# [EXERCISE BRIEF]
Copy out each line below verbatim, skipping any picture.

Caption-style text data
= = = = = = =
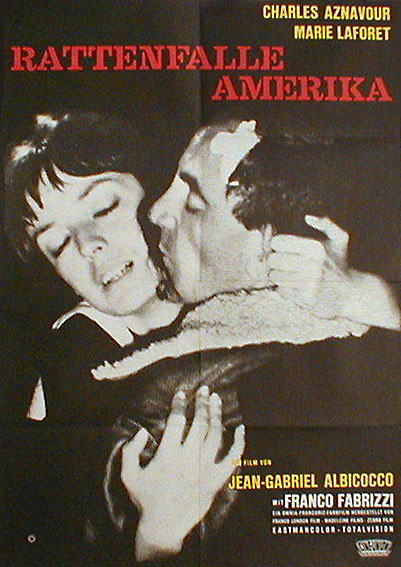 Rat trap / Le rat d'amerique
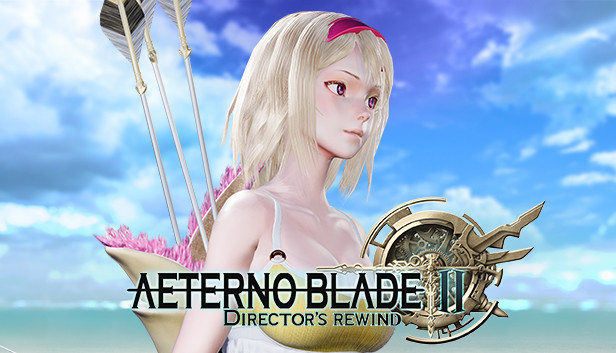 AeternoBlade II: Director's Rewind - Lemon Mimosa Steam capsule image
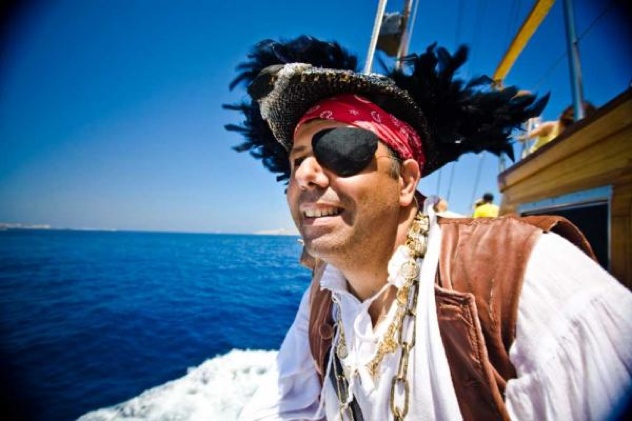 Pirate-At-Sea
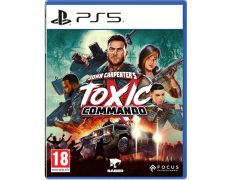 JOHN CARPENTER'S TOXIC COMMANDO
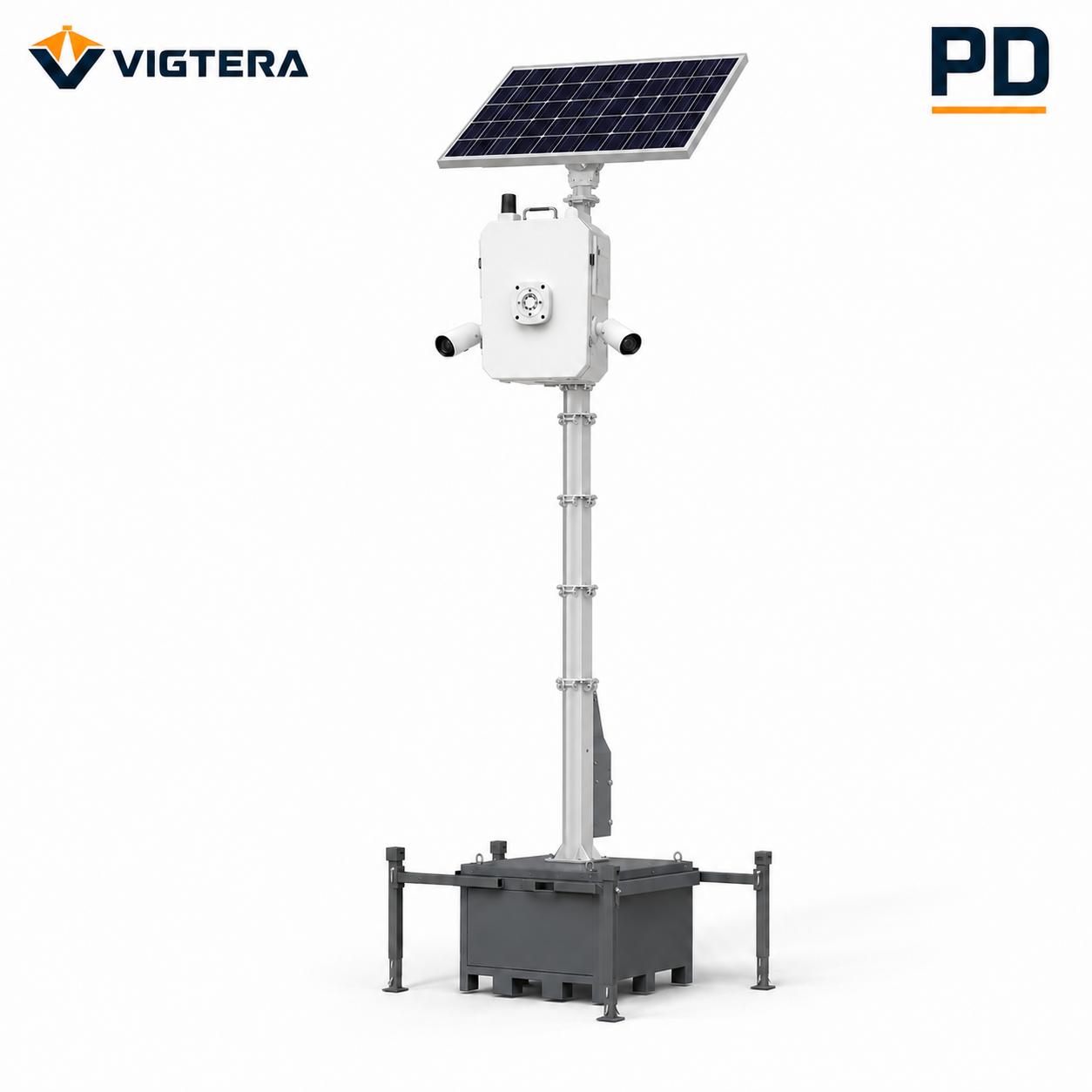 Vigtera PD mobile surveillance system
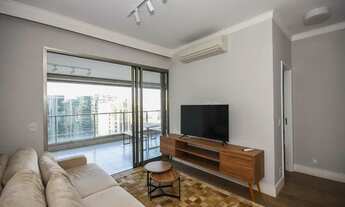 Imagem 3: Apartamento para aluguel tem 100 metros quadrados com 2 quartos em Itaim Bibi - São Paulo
= = = = = = =
# [ANSWER SPACE]
 Rat trap / Le rat d'amerique
 AeternoBlade II: Director's Rewind - Lemon Mimosa Steam capsule image
 Pirate-At-Sea
 JOHN CARPENTER'S TOXIC COMMANDO
 Vigtera PD mobile surveillance system
 Imagem 3: Apartamento para aluguel tem 100 metros quadrados com 2 quartos em Itaim Bibi - São Paulo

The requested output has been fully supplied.